Grace is mostly a commitment.
In between the sneezing and snoring I have, since Thursday, been reconsidering church membership as a serious option. Pastor Mark said such a funny thing; something to this effect: "There seem to be a lot of PCA churches down there, as if that area attracts people who believe the Bible is true."
From the look on his face and his admission that he was called to PCUSA to work for "renewal," I took him to mean that we all want to be on the winning team because that is just one of the things we tell ourselves and yet it doesn't change the facts that God is sovereign and doesn't need us to be members of any denomination... because the word of God is true, no matter who says what. I don't mean to oversimplify or offend, for all I know he was saying something different and I just heard what I wanted to hear; that would not be a bit surprising.
Or maybe, though I know he would never say this, he meant to say what I probably need to hear: Oh, Abigail just shut up and hold still, this will only hurt (your pride) for a second. Altogether it is an honestly subversive remark to make (if that is possible) and I am taking it to heart. I think I could get behind a church that is so big it (unknowingly?)allows people like pastor Mark-believing the word of God to be inerrant, like he does-to, um, join in at the risk that he might (gasp) somehow bring with him some kind of renewal.

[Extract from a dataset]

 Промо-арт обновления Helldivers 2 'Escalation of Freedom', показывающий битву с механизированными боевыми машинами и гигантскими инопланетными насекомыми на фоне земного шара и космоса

Here is where I apply the old Groucho joke: I wouldn't want to be a member of any club that would have someone like me for a member... or something like that. But I am not sure that the church body knows we aren't members already. It has only been since we moved back into town that we quit the worship team on Sunday mornings. Martin was even on the payroll for four years. Which begs the question: do they know we aren't members and, simply enough, they don't care?

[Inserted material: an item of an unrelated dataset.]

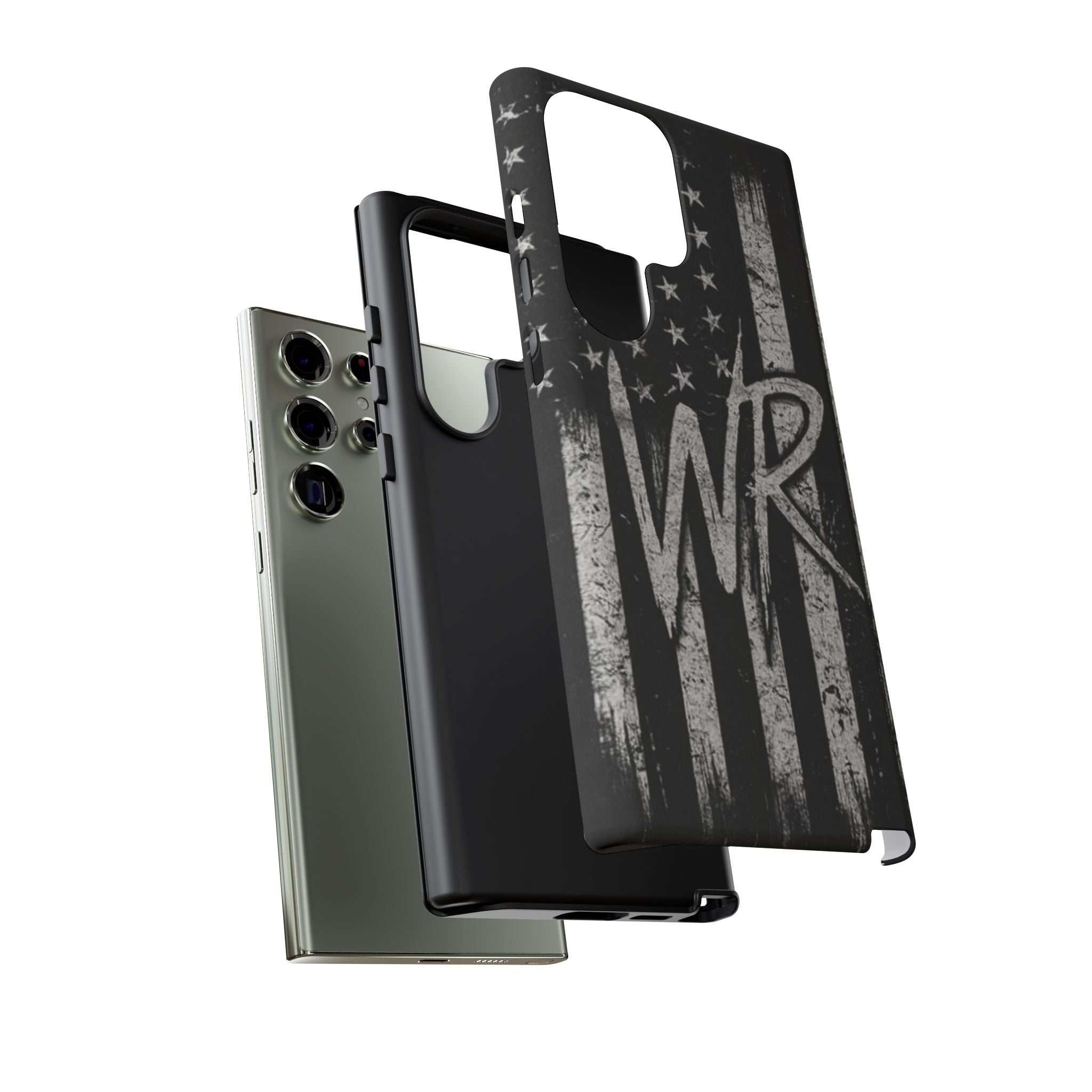 Distressed American flag design on a tough phone case with personalized WR monogram from Printify.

In which case, it might be fun to ruffle a few feathers and confess that we are, at last, willing to, well, confess?
Which leads me to my next question: where is the PCA when you need it, anyway?

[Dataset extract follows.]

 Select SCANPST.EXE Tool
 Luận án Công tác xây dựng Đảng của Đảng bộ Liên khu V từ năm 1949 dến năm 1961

The answer is that there are five in San Jose, but the closest is about an hour away and my husband has this idea that maybe we should go to a church in the community we live in (clearly, he is the brains behind the operation) and I am here afforded the luxury of submission. That too is Pastor Mark's doing, he married us after all. I just keep telling myself: membership will be what it is and who am I if I don't stand up on teal colored carpet between two brown pews and praise Jesus?